The competition is an applied science challenge to create the most powerful methodology for memorising new information, using any and all effects discovered in the history of psychological research or even some undiscovered ones. The $10,000 prize for the winner makes this one of the richest competitions in applied psychology. The deadline for entries is 28th February 2015. Further details are available at www.memrise.com/prize/.

What inspired this competition?

Cognitive and educational psychology and neuroscience have unearthed a vast number of factors which influence how effectively humans retain information, yet we still don’t really know how best to combine these factors, to maximise the effectiveness of memorisation. The competition hopes to stimulate progress, creativity and knowledge-sharing in this educationally vital field, and by doing so to drive forward our shared understanding of the human mind.

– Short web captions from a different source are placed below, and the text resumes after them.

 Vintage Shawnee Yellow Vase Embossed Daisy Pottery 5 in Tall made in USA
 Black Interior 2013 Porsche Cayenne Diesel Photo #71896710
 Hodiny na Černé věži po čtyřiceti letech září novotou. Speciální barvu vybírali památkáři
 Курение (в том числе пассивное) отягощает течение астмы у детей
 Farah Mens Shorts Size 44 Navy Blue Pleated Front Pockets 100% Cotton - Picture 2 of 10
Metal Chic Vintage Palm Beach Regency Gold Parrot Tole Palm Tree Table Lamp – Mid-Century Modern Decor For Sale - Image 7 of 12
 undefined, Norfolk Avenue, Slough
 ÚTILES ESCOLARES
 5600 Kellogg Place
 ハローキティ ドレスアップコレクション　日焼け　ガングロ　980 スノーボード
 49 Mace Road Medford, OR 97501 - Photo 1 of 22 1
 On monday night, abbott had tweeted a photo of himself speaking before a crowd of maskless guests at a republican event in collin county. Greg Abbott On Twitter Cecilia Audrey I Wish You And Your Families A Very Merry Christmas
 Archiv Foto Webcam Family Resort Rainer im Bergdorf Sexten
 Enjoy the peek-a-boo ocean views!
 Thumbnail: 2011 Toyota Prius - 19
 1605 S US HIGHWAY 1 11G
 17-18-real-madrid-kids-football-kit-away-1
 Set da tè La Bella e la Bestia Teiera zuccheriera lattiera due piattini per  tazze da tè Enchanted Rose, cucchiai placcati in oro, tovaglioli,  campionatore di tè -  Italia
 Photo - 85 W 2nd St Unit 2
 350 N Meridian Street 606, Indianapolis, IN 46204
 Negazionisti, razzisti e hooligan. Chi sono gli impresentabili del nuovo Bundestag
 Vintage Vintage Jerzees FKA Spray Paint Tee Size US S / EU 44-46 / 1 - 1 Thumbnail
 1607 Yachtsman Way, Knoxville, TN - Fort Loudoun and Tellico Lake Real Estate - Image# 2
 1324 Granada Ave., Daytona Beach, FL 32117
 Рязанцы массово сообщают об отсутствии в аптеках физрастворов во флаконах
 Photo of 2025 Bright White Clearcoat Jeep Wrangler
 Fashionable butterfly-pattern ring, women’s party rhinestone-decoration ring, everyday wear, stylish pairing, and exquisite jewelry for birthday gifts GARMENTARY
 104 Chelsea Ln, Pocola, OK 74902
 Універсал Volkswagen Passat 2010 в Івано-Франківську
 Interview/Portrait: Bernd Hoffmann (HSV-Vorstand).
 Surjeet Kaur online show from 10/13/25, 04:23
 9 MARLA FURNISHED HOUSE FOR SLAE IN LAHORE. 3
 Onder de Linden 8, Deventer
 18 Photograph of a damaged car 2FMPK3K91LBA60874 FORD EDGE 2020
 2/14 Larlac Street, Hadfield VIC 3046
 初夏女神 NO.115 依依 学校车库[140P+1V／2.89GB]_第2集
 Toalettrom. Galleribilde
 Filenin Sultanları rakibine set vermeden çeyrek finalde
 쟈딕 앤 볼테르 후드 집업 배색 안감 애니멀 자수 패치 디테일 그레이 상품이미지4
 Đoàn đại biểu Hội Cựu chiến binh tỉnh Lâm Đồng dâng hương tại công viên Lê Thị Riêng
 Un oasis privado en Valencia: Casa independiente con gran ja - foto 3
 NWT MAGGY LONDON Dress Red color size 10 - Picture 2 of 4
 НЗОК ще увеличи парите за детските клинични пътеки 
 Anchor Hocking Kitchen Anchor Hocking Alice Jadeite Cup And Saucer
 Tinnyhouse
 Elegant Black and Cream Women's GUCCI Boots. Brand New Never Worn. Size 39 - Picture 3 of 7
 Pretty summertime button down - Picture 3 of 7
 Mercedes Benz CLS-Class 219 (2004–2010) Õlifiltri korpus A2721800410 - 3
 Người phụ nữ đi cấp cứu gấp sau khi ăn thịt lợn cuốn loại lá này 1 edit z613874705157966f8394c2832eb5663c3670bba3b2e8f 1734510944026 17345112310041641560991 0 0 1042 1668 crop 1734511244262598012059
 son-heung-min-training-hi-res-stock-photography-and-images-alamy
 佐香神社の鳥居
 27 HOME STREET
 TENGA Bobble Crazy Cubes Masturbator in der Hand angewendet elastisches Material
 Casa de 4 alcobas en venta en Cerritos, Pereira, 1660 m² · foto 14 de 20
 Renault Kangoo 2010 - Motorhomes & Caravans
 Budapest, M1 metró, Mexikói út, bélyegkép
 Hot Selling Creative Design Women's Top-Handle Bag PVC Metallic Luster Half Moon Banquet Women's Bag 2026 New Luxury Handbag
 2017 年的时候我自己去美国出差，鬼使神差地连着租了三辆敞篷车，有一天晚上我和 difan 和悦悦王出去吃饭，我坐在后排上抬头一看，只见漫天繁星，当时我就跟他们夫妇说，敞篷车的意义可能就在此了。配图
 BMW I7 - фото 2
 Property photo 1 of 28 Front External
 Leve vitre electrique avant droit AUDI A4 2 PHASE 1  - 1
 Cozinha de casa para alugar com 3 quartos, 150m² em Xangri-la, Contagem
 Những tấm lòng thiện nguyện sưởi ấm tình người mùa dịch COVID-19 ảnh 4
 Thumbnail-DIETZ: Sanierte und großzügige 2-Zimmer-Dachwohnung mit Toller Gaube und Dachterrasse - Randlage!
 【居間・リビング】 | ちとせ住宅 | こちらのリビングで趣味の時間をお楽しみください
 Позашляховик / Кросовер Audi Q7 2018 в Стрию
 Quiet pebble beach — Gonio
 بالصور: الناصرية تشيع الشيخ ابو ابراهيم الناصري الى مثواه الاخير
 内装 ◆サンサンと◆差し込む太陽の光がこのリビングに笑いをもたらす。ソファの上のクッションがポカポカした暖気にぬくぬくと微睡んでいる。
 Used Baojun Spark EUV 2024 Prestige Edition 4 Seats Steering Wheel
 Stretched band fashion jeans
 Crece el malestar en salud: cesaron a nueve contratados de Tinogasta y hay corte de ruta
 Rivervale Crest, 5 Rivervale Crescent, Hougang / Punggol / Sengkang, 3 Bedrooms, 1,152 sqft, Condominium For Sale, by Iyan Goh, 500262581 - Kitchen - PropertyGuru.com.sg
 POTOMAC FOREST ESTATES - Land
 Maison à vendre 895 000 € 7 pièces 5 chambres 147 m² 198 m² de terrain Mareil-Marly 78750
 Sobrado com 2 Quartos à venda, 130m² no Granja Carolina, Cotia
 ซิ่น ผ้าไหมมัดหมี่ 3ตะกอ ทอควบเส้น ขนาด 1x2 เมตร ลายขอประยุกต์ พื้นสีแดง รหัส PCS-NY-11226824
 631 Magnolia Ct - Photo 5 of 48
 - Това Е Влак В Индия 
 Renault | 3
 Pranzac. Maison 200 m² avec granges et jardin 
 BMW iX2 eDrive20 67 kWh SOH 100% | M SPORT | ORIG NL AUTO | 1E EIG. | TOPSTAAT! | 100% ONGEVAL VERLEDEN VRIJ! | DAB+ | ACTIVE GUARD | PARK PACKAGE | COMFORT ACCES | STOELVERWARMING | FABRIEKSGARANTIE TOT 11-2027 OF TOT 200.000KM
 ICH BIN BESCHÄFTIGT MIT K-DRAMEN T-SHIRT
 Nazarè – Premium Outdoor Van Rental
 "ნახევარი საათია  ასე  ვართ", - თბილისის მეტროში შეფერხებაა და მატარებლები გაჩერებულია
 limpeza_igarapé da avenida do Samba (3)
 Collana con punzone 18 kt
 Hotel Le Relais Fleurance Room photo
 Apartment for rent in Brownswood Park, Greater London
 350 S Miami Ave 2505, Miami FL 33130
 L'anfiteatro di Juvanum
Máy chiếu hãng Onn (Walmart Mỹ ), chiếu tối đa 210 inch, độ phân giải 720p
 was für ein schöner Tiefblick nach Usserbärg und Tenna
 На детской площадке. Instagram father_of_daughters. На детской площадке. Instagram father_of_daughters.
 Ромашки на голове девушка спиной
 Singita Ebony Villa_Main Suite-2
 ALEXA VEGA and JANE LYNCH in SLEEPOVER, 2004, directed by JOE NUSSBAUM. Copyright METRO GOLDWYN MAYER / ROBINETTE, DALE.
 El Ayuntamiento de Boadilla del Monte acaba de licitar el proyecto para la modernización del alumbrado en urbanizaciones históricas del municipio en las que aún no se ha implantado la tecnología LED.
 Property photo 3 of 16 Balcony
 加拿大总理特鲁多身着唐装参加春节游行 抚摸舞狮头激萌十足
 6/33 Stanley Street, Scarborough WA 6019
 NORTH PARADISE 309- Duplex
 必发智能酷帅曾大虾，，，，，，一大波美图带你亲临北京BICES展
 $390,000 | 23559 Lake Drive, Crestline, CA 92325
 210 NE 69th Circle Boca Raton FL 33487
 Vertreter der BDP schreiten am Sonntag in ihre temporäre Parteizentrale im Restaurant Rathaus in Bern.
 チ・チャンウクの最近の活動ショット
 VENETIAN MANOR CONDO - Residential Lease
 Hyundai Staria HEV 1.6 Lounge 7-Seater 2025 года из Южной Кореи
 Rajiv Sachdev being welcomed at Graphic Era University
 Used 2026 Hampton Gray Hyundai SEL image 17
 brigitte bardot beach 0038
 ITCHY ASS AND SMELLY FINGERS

What’s the format of the competition?

The ultimate aim, in a nutshell, is this: real world learners will be given one hour to memorise translations of foreign language words such as house = talo (this is in Finnish), with the quality of their memorisation tested one week later. The competition will compare different ways of using that hour of learning: what’s the best way to spend that hour to maximise retention after one week?

The organizers will provide a computerised baseline task and competitors will test their own proposed method against that baseline condition in their own laboratories, classrooms or elsewhere. The difference in scores for the two groups on the test phase will be used to identify the most promising learning methods. These will then be tested on the Memrise system.

Who can compete?

The competition is open to anyone: Professional scientists, companies, psychology students, amateur enthusiasts, schoolchildren, research groups, teams of enthusiasts. It’s a completely open competition for any person or team to see how far they can optimise human learning within the constraints of the competition format: one hour of learning, a test one week later: what’s the most effective use of that hour?

How will the winner be judged?

The competition has two phases. First, competitors will test their proposed method against the standard control method that the organizers supply, and will submit their experimental data and a description of their method to the panel of judges. The best entries as judged by the panel will then be run on a controlled selection of 1000 people on the Memrise website, with the final winner determined statistically by the recall performance of those 1000 after a one week gap.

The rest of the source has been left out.